After a brief introduction that sets out the purpose of this report, Section 2 elaborates the substantive domain to be covered by the Knowledge Graph (KG) and subsequently develops the concept of a KG and reasons for developing such infrastructural tools. The substantive domain is contained within the field of Electoral Studies, which was described in detail in Deliverable 9.6 Demarcation Report of Electoral Studies User Community. For reasons of practicality, this domain has been further specified in several steps. First it was specified as pertaining to (sub)field of citizen/voter behavior, and subsequently it was narrowed down further to the field of (studies of) electoral participation. These choices imply that the KG to be developed will not cover the entire field of electoral studies, but that it will be centrally located within the wider field and that its relevance for end-users is not restricted to those who are primarily interested in electoral participation.

The aspired functionality of the pilot-KG is discussed in Section 3. It defines as its intended audience of end-users in first instance scholars engaged in empirical research, but it expects in its later development stages to be also of relevance to journalists, think tanks, government agencies, corporations, political parties and politicians, and individual citizens. Functionalities to be sought relate to (a) focussed searching based on domain-specific criteria not available in other search tools; (b) teaching; and (c) research.

Section 3 also discusses the main datasets and kinds of publications to be covered by the pilot-KG. The overwhelming majority of these datasets are in the public domain, while a considerable part of relevant publications is not (at least not for the first years after publication). This provides challenges that will be addressed in the work program of Deliverable 9.9.

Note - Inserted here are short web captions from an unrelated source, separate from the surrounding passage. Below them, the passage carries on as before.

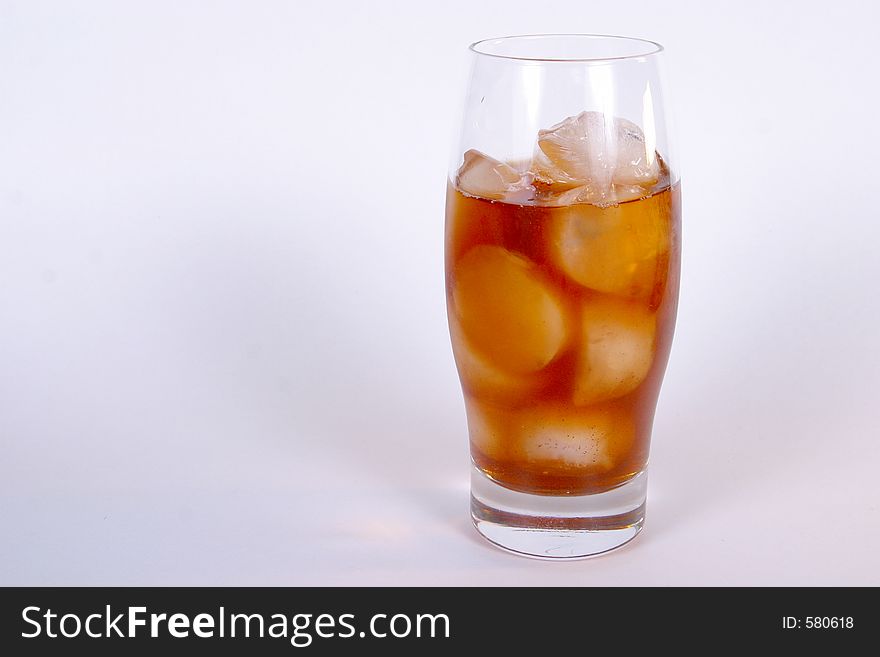 An isolated view of a glass of ice tea on ice. An isolated view of a glass of ice tea on ice.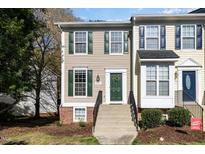 Charming two-story townhome featuring beige siding, green shutters, and a welcoming front entrance with a green door at 5551 Vista View Ct, Raleigh, NC 27612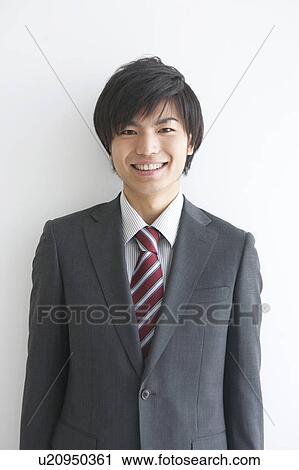 Portrait of a young businessman View Large Photo Image Stock Image - Portrait of a young businessman. Fotosearch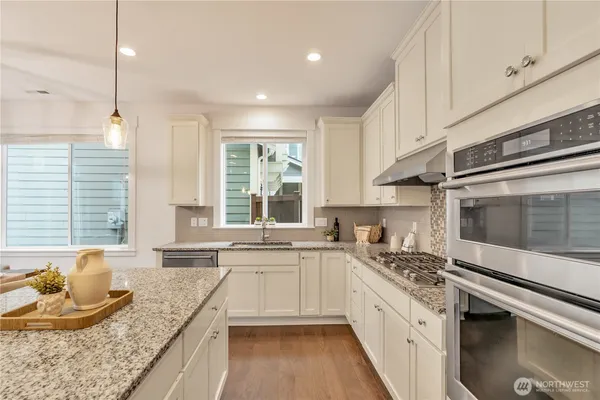 a large kitchen with granite countertop a stove and a sink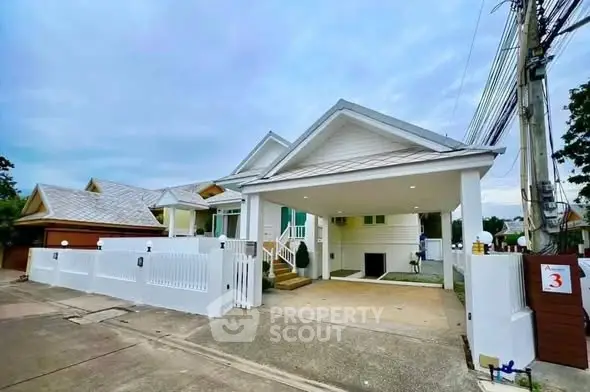 Charming suburban home with spacious driveway and modern exterior design.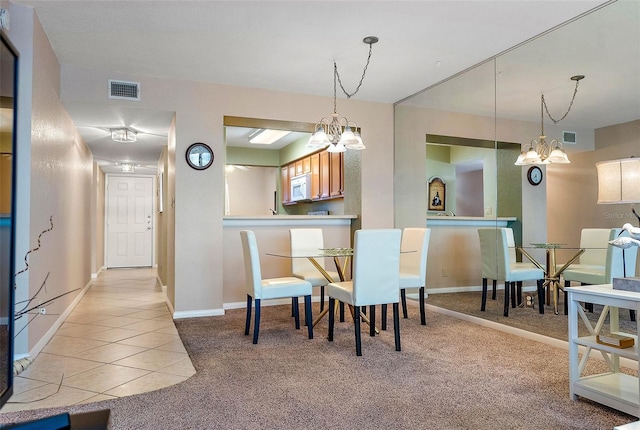 dining area featuring light tile patterned floors and a notable chandelier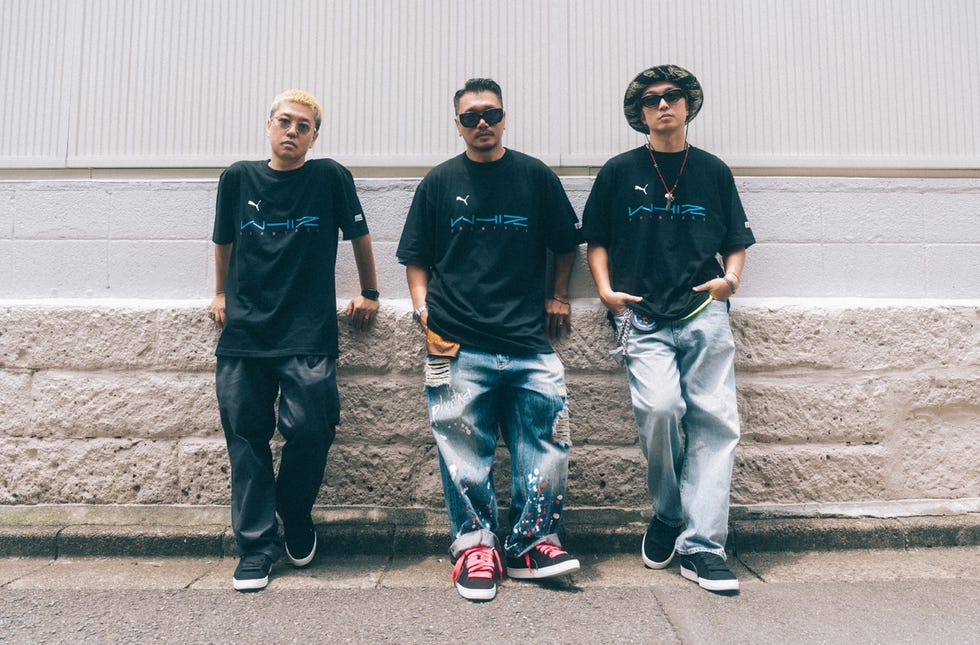 a group of men posing for a picture
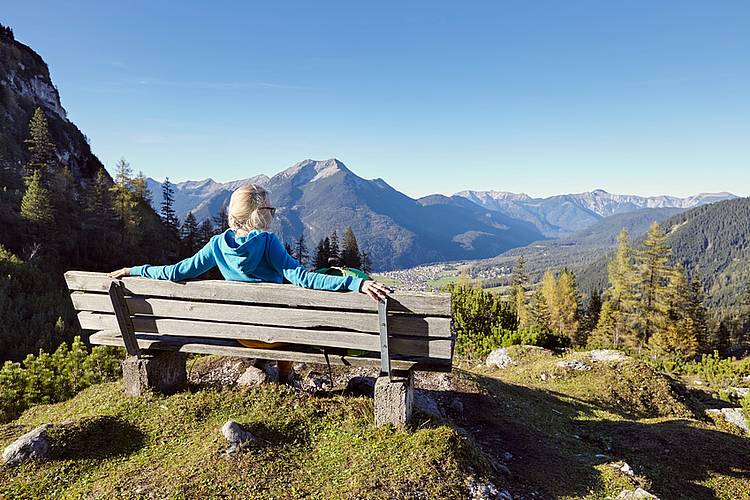 Frau mit leichtem Rheuma ruht sich bei Wanderung auf einer Bank aus.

Section 4 discusses how the team developing the pilot-KG plan to involve the user community of electoral studies. Recruitment for such involvement is planned to be done via relevant scientific conferences (which are identified in Section 4) and the authorship of publications in relevant scientific journals; recruited volunteers will be mainly tasked with pre-structured coding and testing. In addition, smaller groups of community members will be personally invited based on their expertise and their willingness to commit somewhat more of their time to assist in the development of an ontology, coding schemes, and of the design of testing phases.

Section 5 discusses the development of an ontology, which is necessary in view of the de facto absence of ontologies, classification schemes or controlled dictionaries that would be able to classify substantive content within the field of electoral studies. The section discusses approaches for ontology development and how these will be applied in the context of the development of the intended pilot-KG. In this context, this section also discusses the governance and management of the KG and its ontology.

Section 6 presents technical specifications for processes such as data ingestion, data cleaning, data authoring, data linking, data enrichment, data provisioning and data analysis. It also discusses the technical environment of semantic middleware to be used (for which PoolParty was chosen).

Section 7 discusses testing and user-community involvement in that process.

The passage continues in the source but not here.